One of my favorite moments of the Triduum is immediately following the opening celebration on Holy Thursday.  This year’s pandemic reality may prompt a change in procedure, but typically after, we remain in silence before the Eucharist.  Jesus has just been captured.  He awaits his fate in, we envision, a holding chamber of some sort.  Artists have depicted this as Jesus sitting in quiet isolation, within the shadows of an awaiting destiny.  This is a far cry from the sheer elation evidenced as he entered Jerusalem to much fanfare and commotion.  Palm Sunday’s noise and exuberance sharply contrasts with the solemn reality of a man awaiting a tragic conclusion to his life.  How must he have felt in that moment?  On Holy Thursday, we share in this, albeit from the comfort of our pews.  

Holy Week is a good time to unplug, to disconnect, to actively pursue quieter moments.  Prayer aids, spiritual reading, and speaker programs can help in our consideration of the events that unfold as Jesus enters Jerusalem, but the moments of simple silence are when we are most likely to encounter our Lord.

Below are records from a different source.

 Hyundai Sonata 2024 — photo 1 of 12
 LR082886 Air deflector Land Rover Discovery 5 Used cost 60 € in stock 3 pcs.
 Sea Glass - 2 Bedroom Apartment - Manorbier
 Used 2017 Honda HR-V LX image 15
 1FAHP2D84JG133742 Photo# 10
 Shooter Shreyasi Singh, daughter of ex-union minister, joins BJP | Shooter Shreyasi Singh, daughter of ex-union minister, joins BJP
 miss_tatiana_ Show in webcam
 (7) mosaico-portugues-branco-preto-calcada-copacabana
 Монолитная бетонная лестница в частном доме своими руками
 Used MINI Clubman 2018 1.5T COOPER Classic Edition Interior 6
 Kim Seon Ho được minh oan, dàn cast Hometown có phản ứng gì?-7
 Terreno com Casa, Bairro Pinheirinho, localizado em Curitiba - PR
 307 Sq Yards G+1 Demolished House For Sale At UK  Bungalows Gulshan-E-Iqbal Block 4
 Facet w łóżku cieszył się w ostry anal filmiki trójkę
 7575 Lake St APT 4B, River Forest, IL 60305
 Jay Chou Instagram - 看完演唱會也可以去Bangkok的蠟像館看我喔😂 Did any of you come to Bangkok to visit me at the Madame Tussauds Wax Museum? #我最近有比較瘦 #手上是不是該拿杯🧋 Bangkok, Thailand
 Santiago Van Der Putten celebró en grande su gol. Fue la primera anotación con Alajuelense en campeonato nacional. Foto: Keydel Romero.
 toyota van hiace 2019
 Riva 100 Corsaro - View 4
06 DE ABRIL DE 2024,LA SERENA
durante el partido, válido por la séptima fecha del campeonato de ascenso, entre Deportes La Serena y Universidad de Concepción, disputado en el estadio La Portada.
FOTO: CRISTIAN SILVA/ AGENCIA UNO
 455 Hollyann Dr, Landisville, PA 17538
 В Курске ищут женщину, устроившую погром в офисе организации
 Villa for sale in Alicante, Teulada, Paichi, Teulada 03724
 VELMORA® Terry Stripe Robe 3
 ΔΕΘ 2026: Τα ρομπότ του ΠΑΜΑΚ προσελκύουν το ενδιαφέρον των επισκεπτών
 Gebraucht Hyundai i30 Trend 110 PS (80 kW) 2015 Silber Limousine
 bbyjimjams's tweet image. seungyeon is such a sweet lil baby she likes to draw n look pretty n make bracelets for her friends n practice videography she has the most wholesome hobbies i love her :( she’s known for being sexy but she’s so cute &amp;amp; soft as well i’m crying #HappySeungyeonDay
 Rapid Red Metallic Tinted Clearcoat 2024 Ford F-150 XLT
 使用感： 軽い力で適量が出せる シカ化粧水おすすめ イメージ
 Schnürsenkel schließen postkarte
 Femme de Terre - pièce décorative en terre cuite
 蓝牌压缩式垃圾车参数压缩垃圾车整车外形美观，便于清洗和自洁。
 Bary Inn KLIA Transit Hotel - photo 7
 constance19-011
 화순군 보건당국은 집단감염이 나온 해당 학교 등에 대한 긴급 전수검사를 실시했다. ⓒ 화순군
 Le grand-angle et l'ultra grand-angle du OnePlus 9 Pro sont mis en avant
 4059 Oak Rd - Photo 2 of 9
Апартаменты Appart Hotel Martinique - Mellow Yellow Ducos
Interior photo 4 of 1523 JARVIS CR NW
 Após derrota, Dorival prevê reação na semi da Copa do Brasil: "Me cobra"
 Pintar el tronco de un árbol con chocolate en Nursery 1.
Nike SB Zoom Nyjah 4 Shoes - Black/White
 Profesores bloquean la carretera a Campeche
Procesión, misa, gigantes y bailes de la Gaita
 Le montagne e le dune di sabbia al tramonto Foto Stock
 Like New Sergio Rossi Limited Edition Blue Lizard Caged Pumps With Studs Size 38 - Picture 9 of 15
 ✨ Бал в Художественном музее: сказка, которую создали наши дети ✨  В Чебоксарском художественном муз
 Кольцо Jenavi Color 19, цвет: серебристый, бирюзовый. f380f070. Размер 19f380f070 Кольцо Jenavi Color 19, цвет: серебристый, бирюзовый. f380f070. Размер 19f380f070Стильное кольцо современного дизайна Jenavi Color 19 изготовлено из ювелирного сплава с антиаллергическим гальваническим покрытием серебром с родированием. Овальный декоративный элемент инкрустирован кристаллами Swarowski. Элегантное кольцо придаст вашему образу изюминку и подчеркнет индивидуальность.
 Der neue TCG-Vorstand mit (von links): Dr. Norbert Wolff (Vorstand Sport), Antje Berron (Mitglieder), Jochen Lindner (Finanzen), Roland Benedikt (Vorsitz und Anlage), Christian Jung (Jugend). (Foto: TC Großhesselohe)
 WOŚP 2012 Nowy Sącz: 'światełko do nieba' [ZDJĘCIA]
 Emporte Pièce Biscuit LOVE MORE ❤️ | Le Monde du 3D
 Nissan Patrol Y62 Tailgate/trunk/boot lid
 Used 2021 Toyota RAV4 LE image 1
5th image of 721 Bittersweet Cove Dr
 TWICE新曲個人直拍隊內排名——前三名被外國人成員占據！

I have more to say about this but instead will rely on some new friends:

“So true prayer demands that we be more passive than active; it requires more silence than words, more adoration than study, more concentration than rushing about, more faith than reason.”  Carlo Carretto

“The desire to see God is what urges us to love solitude and silence. For silence is where God dwells. He drapes himself in silence.”  Cardinal Robert Sarah

“The more our soul is peaceful and tranquil, the more God is reflected in it, the more His image expresses itself in us, the more His grace acts through us.”  Jacques Philippe

“It is difficult to pray if you don’t know how to pray, but we must help ourselves to pray. The first means to use is silence. We cannot put ourselves directly in the presence of God if we do not practice internal and external silence.”  Mother Teresa

Holy Week is upon us.  Let’s find some moments of simple silence to consider all that awaits.